In Lab4, we have seen Dynamic Programming methods that can be used to solve Markov Decision Problems when the environment is perfectly known to the agent i.e. in cases where the agent knows in advance the transition and the reward functions. This is a strong assumption as in most practical problems, these functions are not known in advance.

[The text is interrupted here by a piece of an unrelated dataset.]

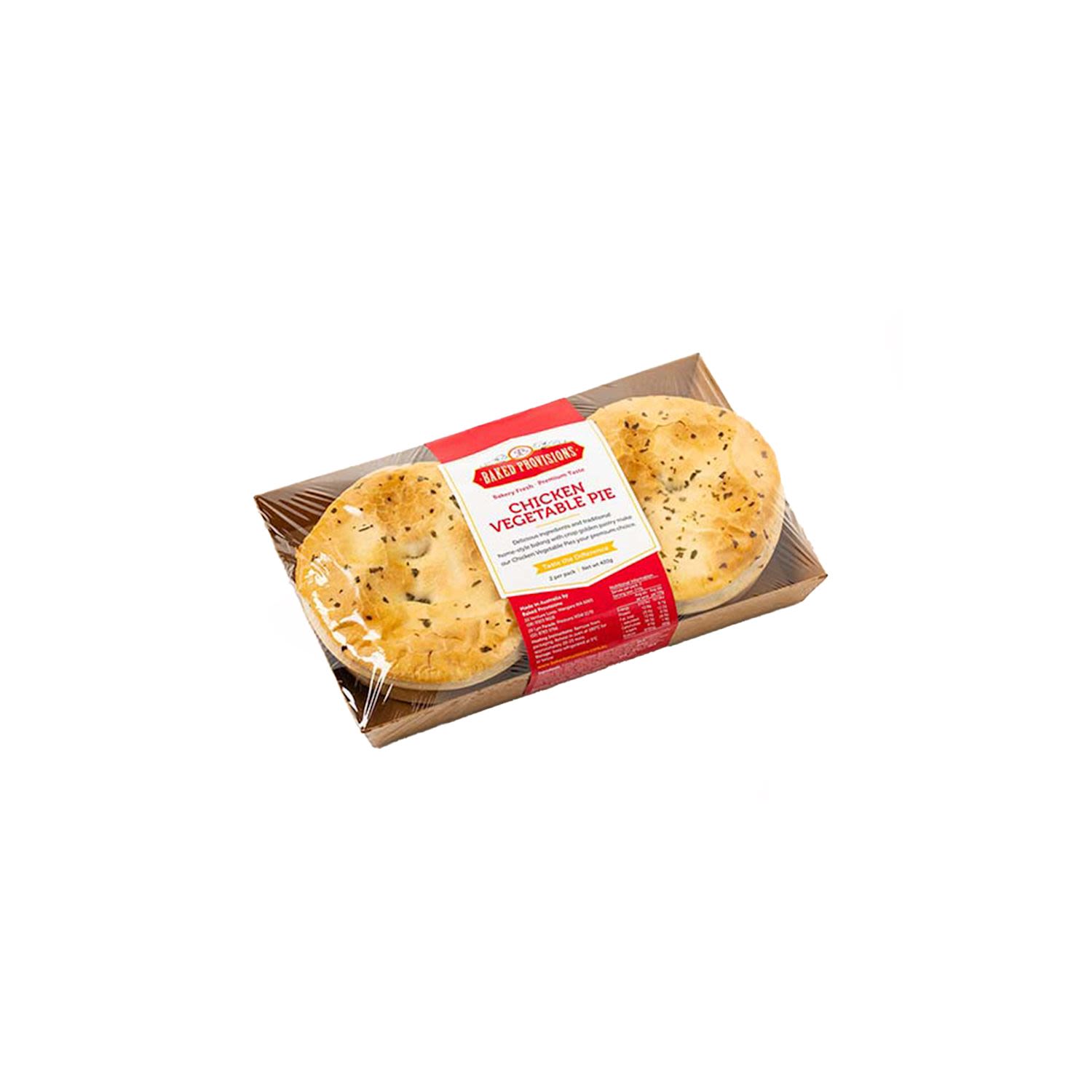 Baked Provisions 210g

In this lab, we will see how to make agents that can solve Markov Decision Problems without prior knowledge on the environment i.e. agents that learn the dynamics of their environment by exploring it and use this knowledge to find an optimal policy.

We will start with the *TD Learning* (*Temporal Difference Learning*) algorithm that can be used to **evaluate** any **given policy** (i.e. compute the *value function* or *V Table* of the environment following the given policy that is to say the expected value of any state when the agent follow the provided policy).
However, the main ideas of this algorithm can in turn be used within optimal control methods like e.g. https://en.wikipedia.org/wiki/TD-Gammon.
Exercises 2 to 4 also reuse the main concepts of TD Learning to calculate an optimal policy. 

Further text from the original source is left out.